[RECORDS SUPPLIED]

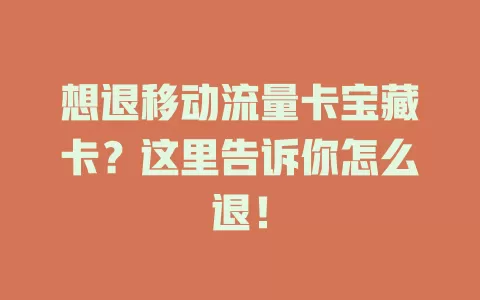 想退移动流量卡宝藏卡？这里告诉你怎么退！
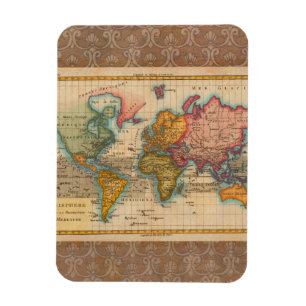 World Map 1780 Bonne Antique Planisphere  Magnet
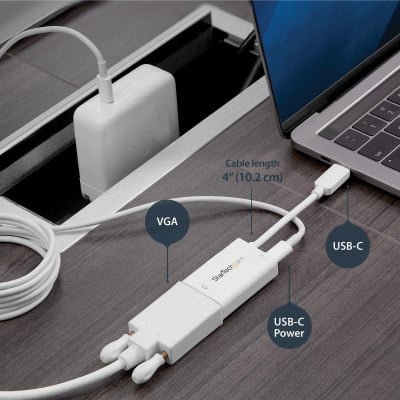 StarTech USB-C to VGA Adapter USB PD White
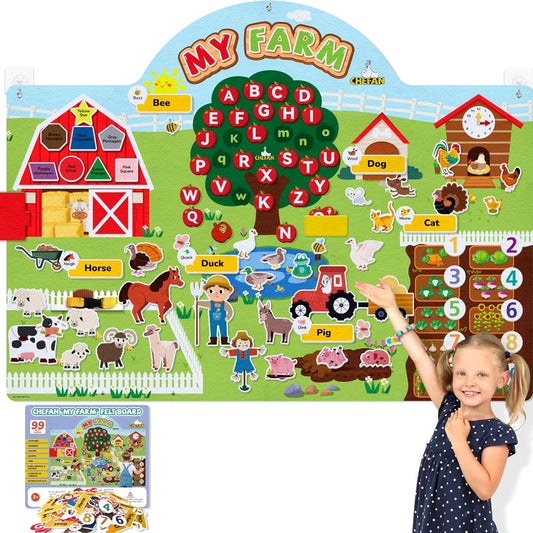 CHEFAN Farm Animals Felt Story Board Set, 3.9 Ft 99 Pcs Preschool Farmhouse Barnyard Theme Flannel Board Storytelling Early Learning, Interactive Wall Hanging Play Set for Toddlers Kids Children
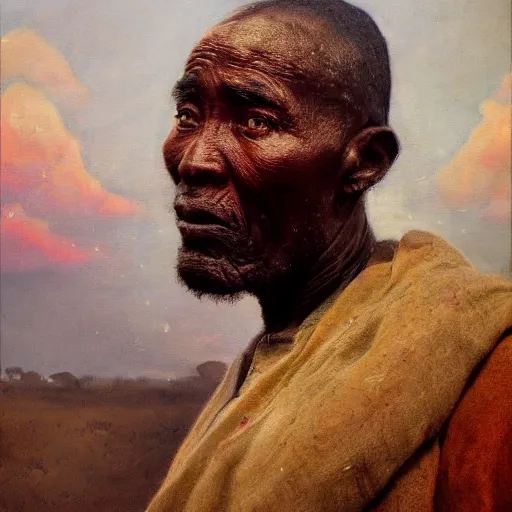 Prompt: a painting of a elegant well fed elder with few eyebrows and his on from Kenya by Henry Ossawa Tanner . dramatic angle, ethereal lights, details, smooth, sharp focus, illustration, realistic, cinematic, artstation, award winning, rgb , unreal engine, octane render, cinematic light, macro, depth of field, blur, red light and clouds from the back, highly detailed epic cinematic concept art CG render made in Maya, Blender and Photoshop, octane render, excellent composition, dynamic dramatic cinematic lighting, aesthetic, very inspirational, arthouse.
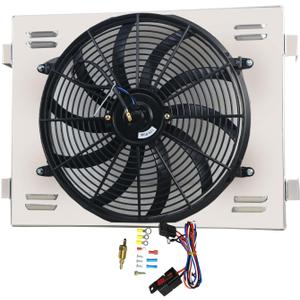 Aluminum Radiator Shroud Electric Fan For 1955-1957 1956 Chevy Bel Air/Nomad V8 Electric Fan with Relay kit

[/RECORDS SUPPLIED]

▶ _EXERCISE OBJECTIVE_
All lines from the start of the entries above through the line containing "Prompt: a painting" must be transcribed exactly, both ends included, and no picture may be copied.

▶ _ANSWER FOR THE TASK_
 想退移动流量卡宝藏卡？这里告诉你怎么退！
 World Map 1780 Bonne Antique Planisphere  Magnet
 StarTech USB-C to VGA Adapter USB PD White
 CHEFAN Farm Animals Felt Story Board Set, 3.9 Ft 99 Pcs Preschool Farmhouse Barnyard Theme Flannel Board Storytelling Early Learning, Interactive Wall Hanging Play Set for Toddlers Kids Children
 Prompt: a painting of a elegant well fed elder with few eyebrows and his on from Kenya by Henry Ossawa Tanner . dramatic angle, ethereal lights, details, smooth, sharp focus, illustration, realistic, cinematic, artstation, award winning, rgb , unreal engine, octane render, cinematic light, macro, depth of field, blur, red light and clouds from the back, highly detailed epic cinematic concept art CG render made in Maya, Blender and Photoshop, octane render, excellent composition, dynamic dramatic cinematic lighting, aesthetic, very inspirational, arthouse.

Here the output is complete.